Start using Tonic Validate Logging to log answer to the benchmark questions that are from the RAG system.

In [9]:
from tvallogging.api import TonicValidateApi
from tvallogging.chat_objects import Benchmark

Create a TonicValidateApi instance. For this to work, get a Tonic Validate API key from the Tonic Validate UI and set the environmental variable `TONIC_VALIDATE_API_KEY`.

In [10]:
# set TONIC_VALIDATE_API_KEY environment variable
# import os
# os.environ["TONIC_VALIDATE_API_KEY"] = "put-your-api-key-here"

api = TonicValidateApi()

Create new benchmark on Tonic Validate server.

In [11]:
benchmark = Benchmark.from_json_list(question_and_answer_list)
benchmark_id = api.new_benchmark(benchmark, "Paul Graham Quickstart Benchmark")

Create new project on Tonic Validate server associated with the created benchmark.

In [12]:
project = api.new_project(benchmark_id, "Paul Graham Quickstart Project")
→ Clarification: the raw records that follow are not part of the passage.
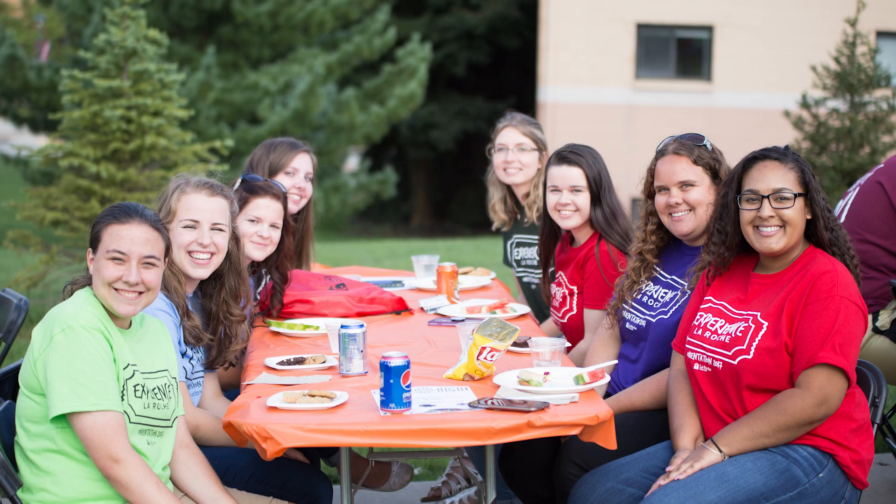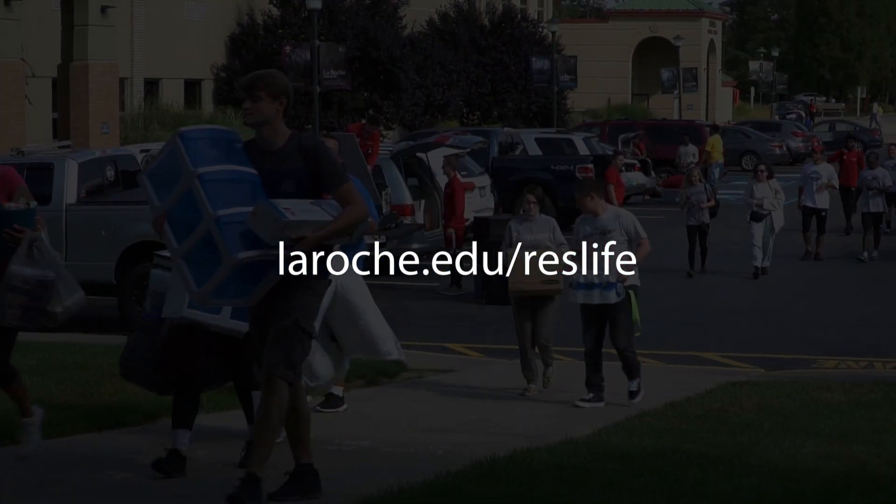For more information about living on campus and what to bring with you on move-in day, be sure to visit laroche.edu/reslife.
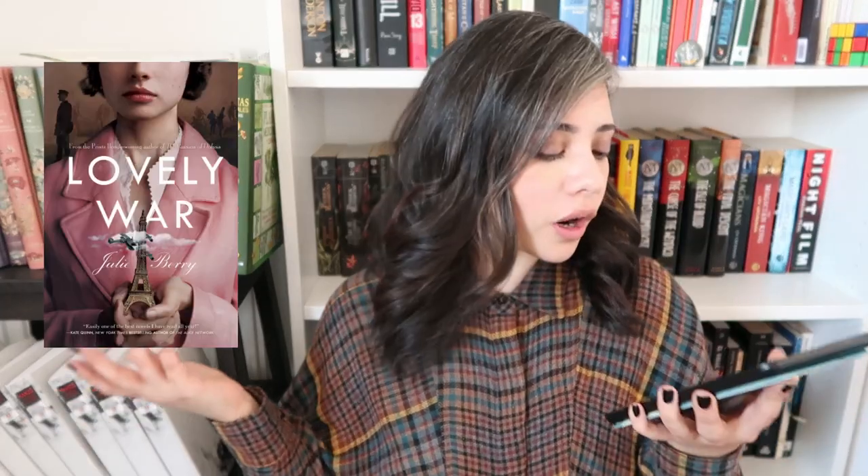Next we have The Lovely War by Julie Berry. This book has been making the rounds on YouTube — it's got Greek mythology, war, love, Ares, Aphrodite. This is actually on my current TBR for this month, so I'm pretty sure I'm going to get to it.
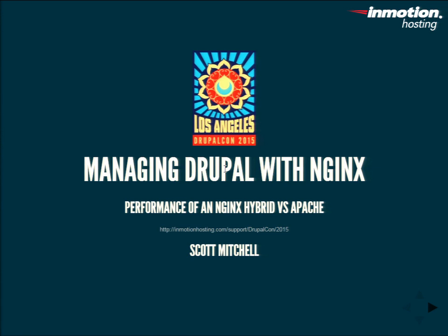Alright, welcome everybody. My name is Scott Mitchell and here we have a talk on managing Drupal with Nginx. Specifically, this is going to be about performance of an Nginx hybrid versus a regular pure Apache setup.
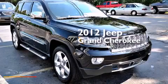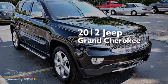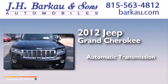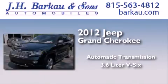This is a 2012 Jeep Grand Cherokee. This SUV has an automatic transmission and a 3.6 liter V6.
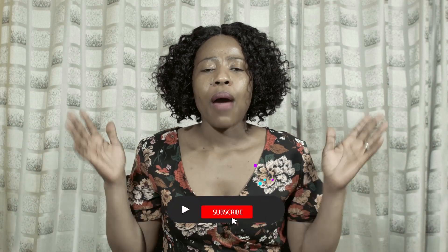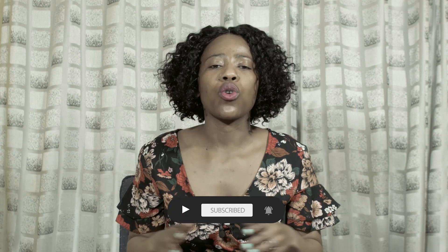Hi guys, welcome back to another awesome video. My name is Nox and if you are here for the very first time, welcome and go ahead and press that subscribe button because we talk about everything around employment. Today I want to talk about one thing that most people do wrong whenever they are applying for positions.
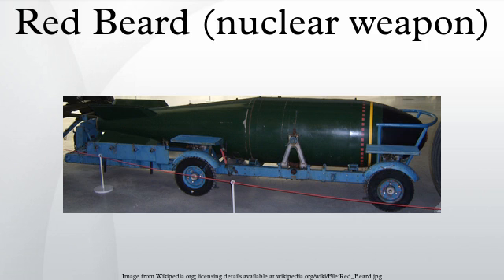Red Beard was the first British tactical nuclear weapon. It was carried by the English Electric Canberra and the V-Bombers of the Royal Air Force, and by the Blackburn Buccaneers, Sea Vixens, and Supermarine Scimitars of the Royal Navy's Fleet Air Arm. Developed to Operational Requirement 1127, it entered service in 1962 and was withdrawn in 1971.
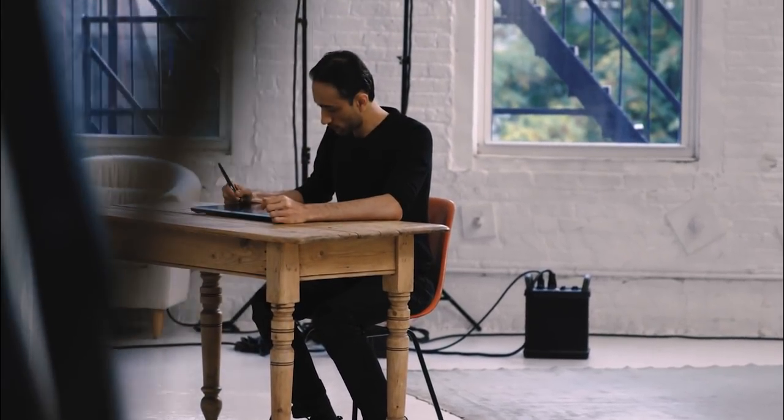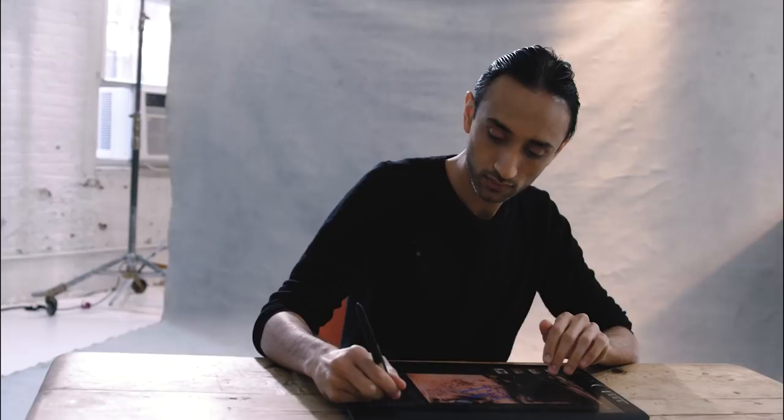What led me to retouching is enjoying seeing a photograph come to life. Ultimately, the look that I'm going for is timeless, clean and natural. My name is Pratik Nayak. I'm an editorial and commercial retoucher. I've been retouching for about 10 years and I'm based in Houston, Texas.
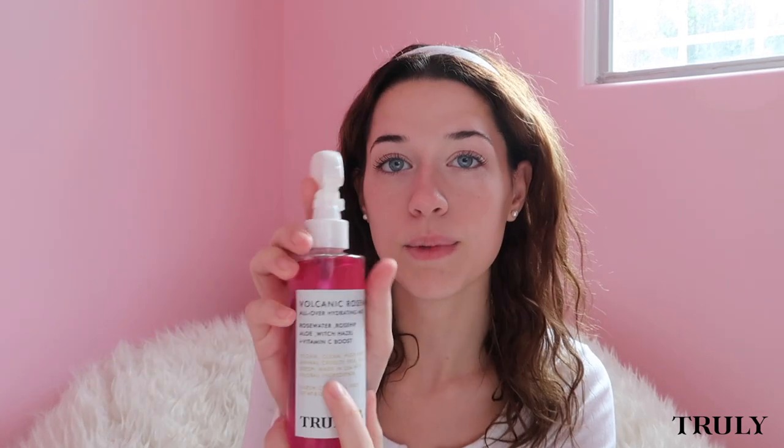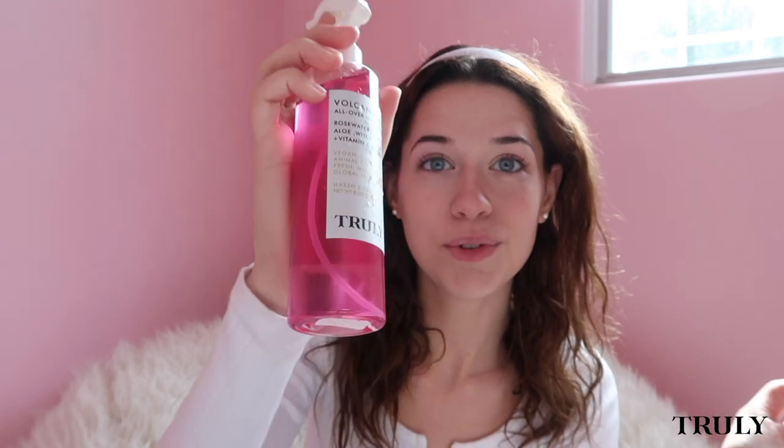First, I have this Volcanic Rose Water All Over Hydrating Mist. This has rose water, rose hip, aloe, witch hazel, and a vitamin C boost in it. Look how beautiful that is. So this is a really cool product because it's hydrating for your skin and it's really nice and refreshing after you're done with your entire skincare routine to just spritz it on your face. There's a lock on it, which is really convenient for clumsy people who spill everything. It smells really good — it smells like roses.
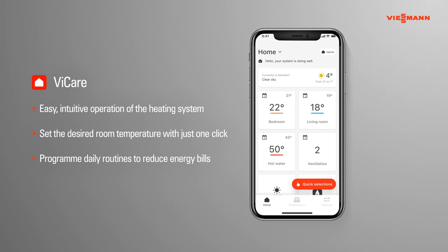Most importantly, it enables the system to be directly connected to a Viessmann-trained installer who can remotely monitor the heating for added peace of mind.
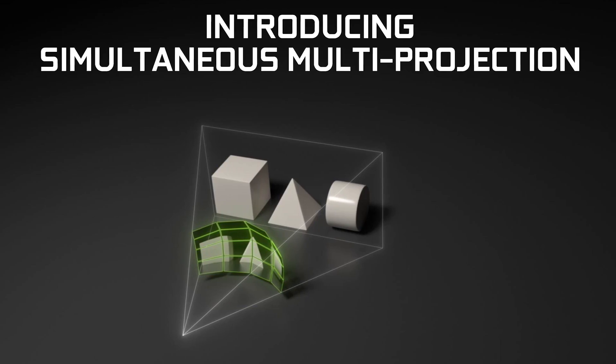Number three: it's VR-ready. Thanks to some Pascal wizardry like simultaneous multi-projection, the GTX 1060 is on par VR-wise with the GTX 980, but it'll do it at twice the energy efficiency.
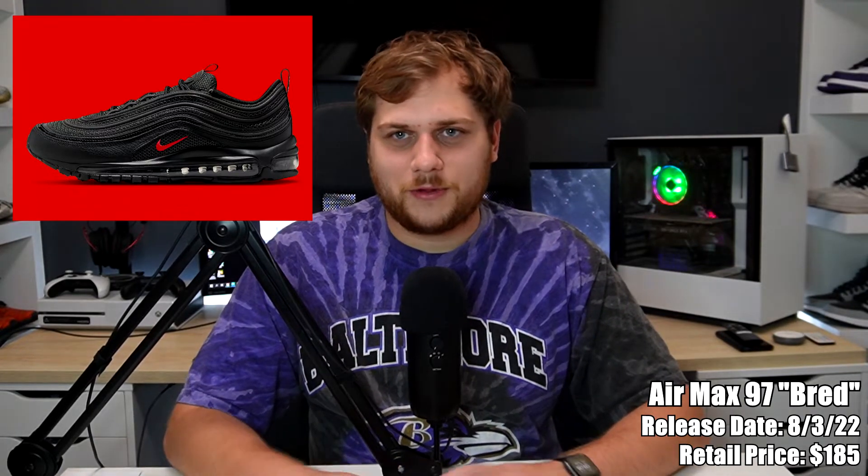On the third, it's the Nike Air Max 97s in the Bred colorway, retailing for $185. It's pretty basic — all black with some red Swooshes. This actually reminds me a lot of the Little Nas X Satan shoes that everyone freaked out about. The Swoosh on those was white and these are red, and obviously there's not going to be blood in the heel bubble, but I think they look pretty cool. If you wanted a pair of those, here's a good alternative without spending a ton of money.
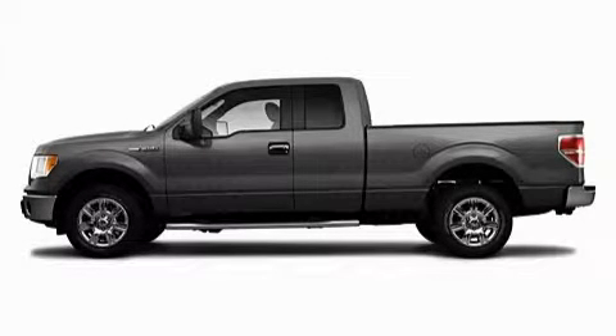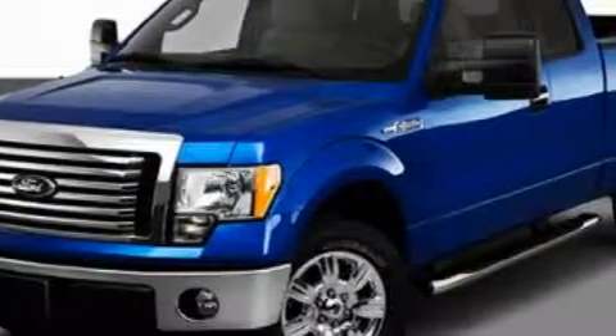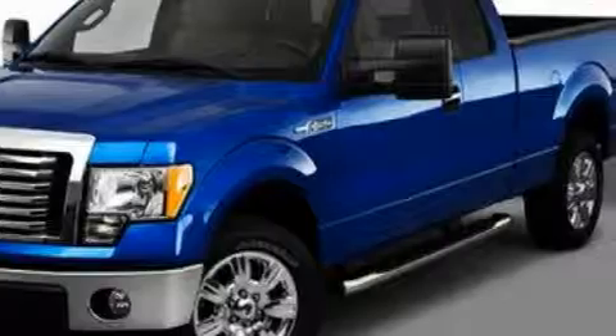This is a 2010 Ford F-150, made for the job site, the trail, and the town. It has a 5.4 liter 8-cylinder engine and an automatic transmission.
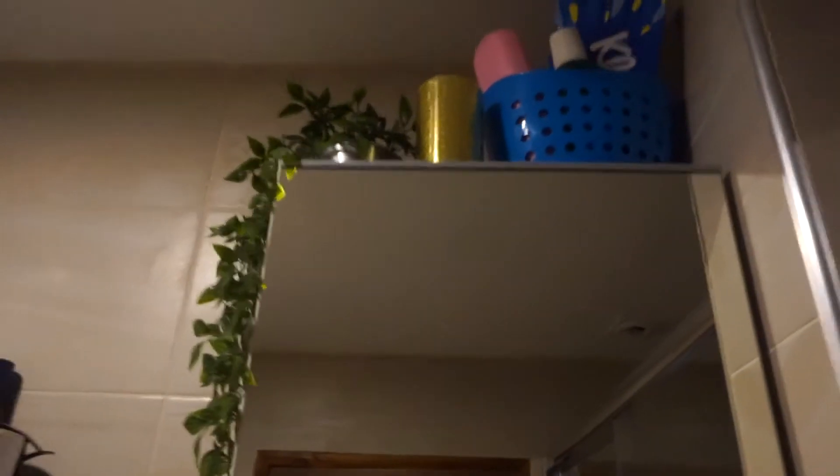I want to redo that. On top we've got a little fake plant from Ikea, and then we go in the shower. On here we also have a little space. It's declutter time.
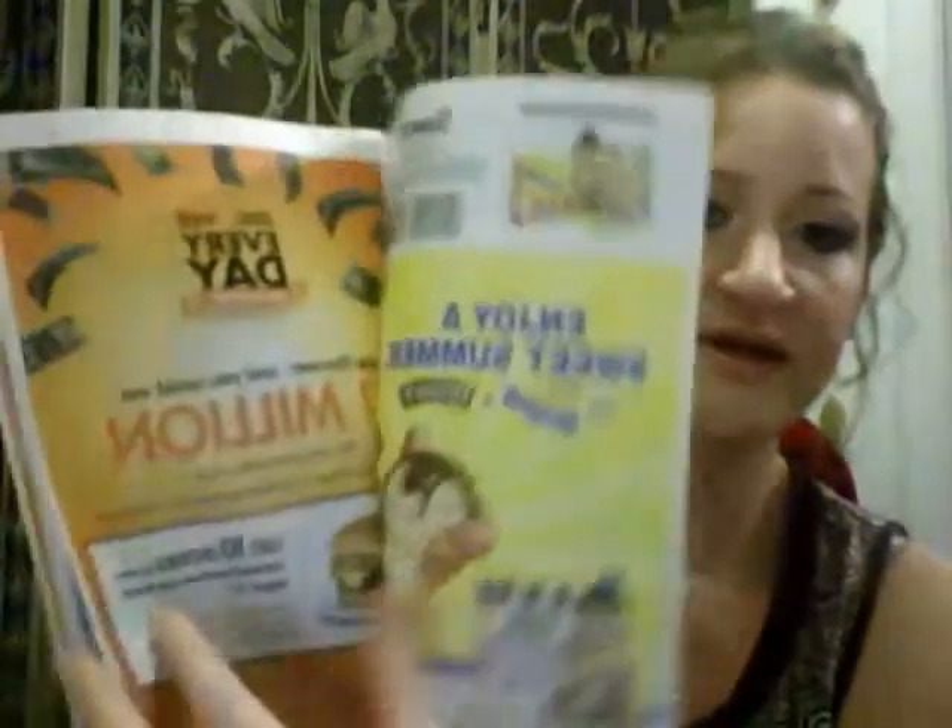The most common inserts that come in your Sunday paper are as follows. Red Plum — this is what it looks like. Red Plum has a lot of various coupons in it. Be sure that you check the front and back of all the pages and side to side, because there are usually coupons on every single page of this.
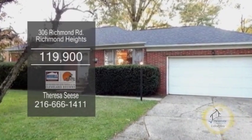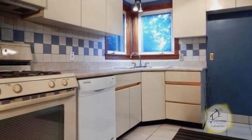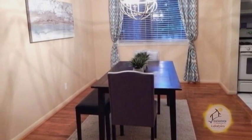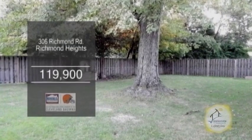Brick Ranch in Richmond Heights. This home features three bedrooms and one-and-a-half baths. The kitchen offers ample cabinet space. Off the kitchen is the formal dining room with hardwood floors. The huge finished basement has a bar. The backyard is completely fenced in.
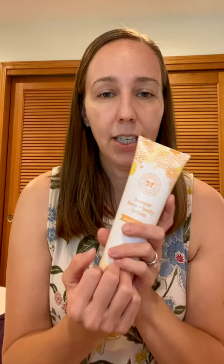What I like about the face and body lotion is that it is gentle, it is hypoallergenic, and it's really easy to apply. It's not greasy but it goes a long way. It feels almost silky when you put it on your hands — I like it a lot.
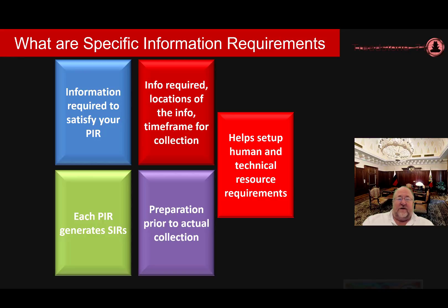Now there are specific information requirements that follow underneath the Priority Intelligence Requirements. SIRs, or Specific Information Requirements, describe the information required to answer all or part of a Priority Intelligence Requirement. A complete SIR describes the information required, the location where the required information possibly could be collected, and the time during which it can be collected if you can actually define that. Generally, each Intelligence Requirement generates a whole set of specific information requirements. SIRs can help you in your preparation of what data it is you need to collect, and that's going to help you satisfy each individual PIR.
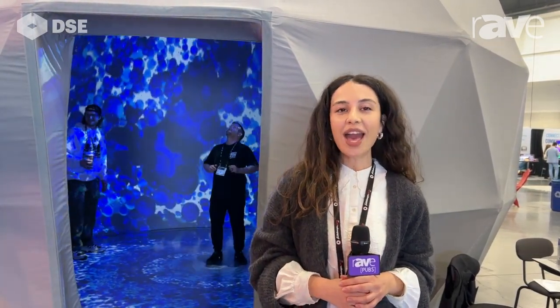Hello, we are here at DSE. My name is Irina and I'm with FullDome Pro, and here we are presenting one of our newest products. It's called Super Reality Dome, and our company makes turnkey solutions for full dome experiences.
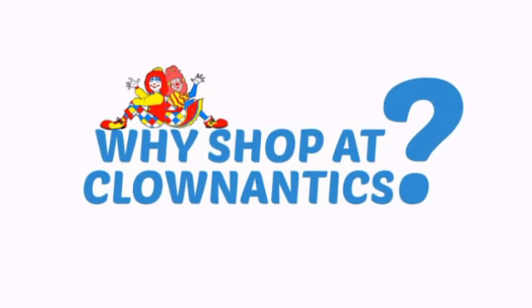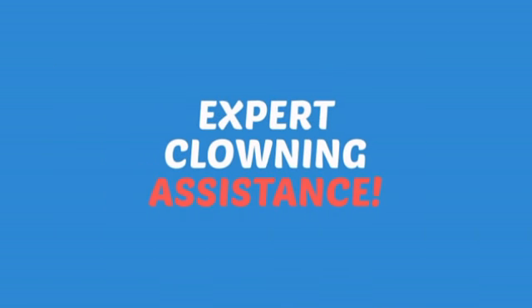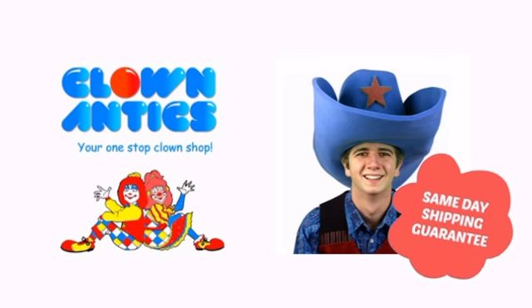Need more reasons to shop with us? With the largest selection of clown supplies, expert clown assistants and guides, we help you make people smile. So clown around with us at Clown Antics.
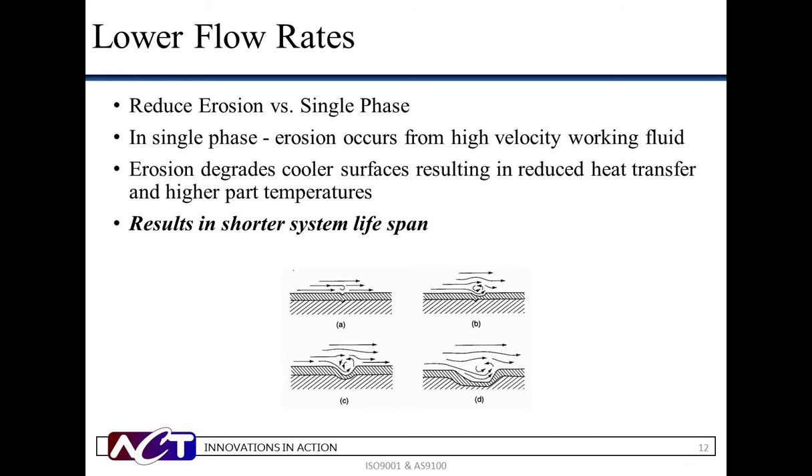The lower flow rates of pumped two-phase result in significant erosion benefits. Erosion occurs from high-velocity working fluid that removes the oxide layer from the tubing. As the velocity increases, the erosion rate increases. Much like how the bank of a river or stream erodes due to the force of high-velocity flow, so does the cold plate utilized in liquid cooling. Erosion in the liquid cold plate will result in reduced heat transfer over time, limiting the life of the thermal component and the cooling system. The lower flow rates of pumped two-phase offer a reduction in erosion and save costs of replacing parts.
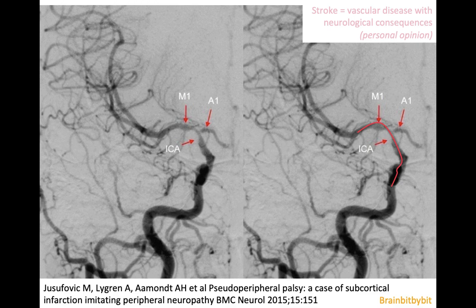Ischemic stroke can be caused by a thrombus or an embolus, and the most common large vessel of the brain that is involved is the MCA. The middle cerebral artery is the largest vessel of the brain, which also makes sense if you know the anatomy of the internal carotid artery, because the MCA goes straight on whereas the ACA makes a more acute angle with the carotid artery.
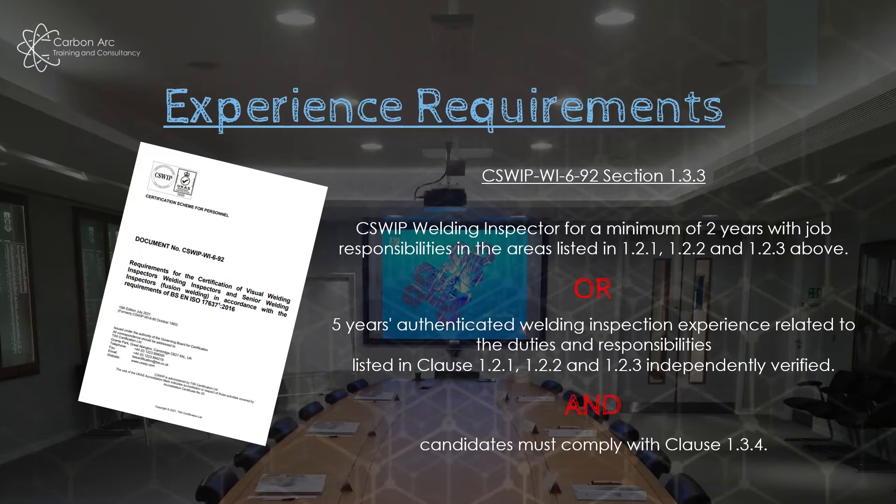I would definitely say do not try to do this course without having done the C-SWIP 3.1. The grounding and technical information to get us moving is all in 3.1, and 3.2 moves on from that knowledge base. If you want to try to do 3.2 straight away, I wish you luck — I personally wouldn't. Whichever way you come, candidates must also comply with section 1.3.4 of the WY692 document, covering health, eyesight, and similar requirements.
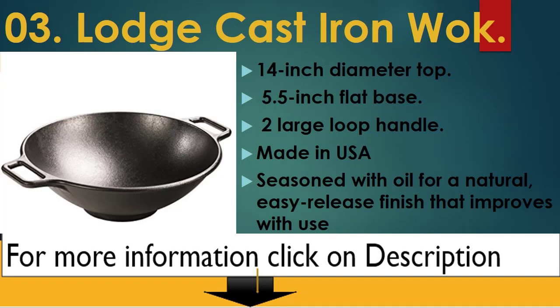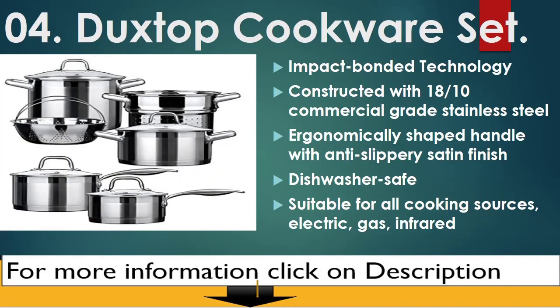Number 3: Lodge Cast Iron Wok. 14-inch diameter top, 5.5-inch flat base, 2 large loop handles. Made in the USA. Seasoned with oil for a natural, easy release finish that improves with use.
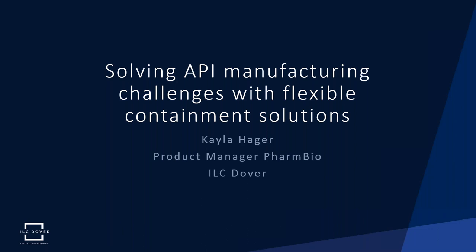Hello everyone and welcome to our next monthly installment of our ILC Dover webinar series. My name is Kayla Hager and I'm the product manager for PharmBio here at ILC Dover. Today we're going to be talking about the chemical synthesis of active pharmaceutical ingredients, some of the challenges associated with this process, and how flexible containment solutions can help you solve these issues.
Create a run in the in the project and log answers to the qeustions in benchmark with their scores. Specify the scores we want calculated in the run.

In [13]:
llm_evaluator = "gpt-3.5-turbo"
# llm_evaluator = "gpt-4"
run = project.new_run(
    llm_evaluator=llm_evaluator,
    answer_similarity_score=True,
    retrieval_precision=True,
    augmentation_precision=True,
    augmentation_accuracy=True,
    answer_consistency=True
)

for q_and_a in run.benchmark.question_with_answer_list:
    
    # get response to question from rag llm
    question = q_and_a.question
    response = query_engine.query(question)
    
    # get answer and context from response
    llm_answer = response.response
    context_list = [source_node.node.text for source_node in response.source_nodes]
    
    # log answer and context, this is where scores are calculated
    run.log(q_and_a, llm_answer, context_list)
    print(f"logged {q_and_a.question}")

logged What makes Sam Altman a good founder?
logged When was the essay "Five Founders" written?
logged When does the most dramatic growth happen for a startup?
logged What is the problem with business culture versus start up culture with respect to productivity?
logged What's the single biggest thing the government could do to increase the number of startups in this country?
logged How could one create a rigorous government definition of what a startup is to categorize whether a business is a startup?
logged Why is frienship a good quality of founders?
logged Why is determination the most important quality in startup founders?
logged For startups, what does board control mean in practice?
logged What's in the way of founders keeping board control after a series A?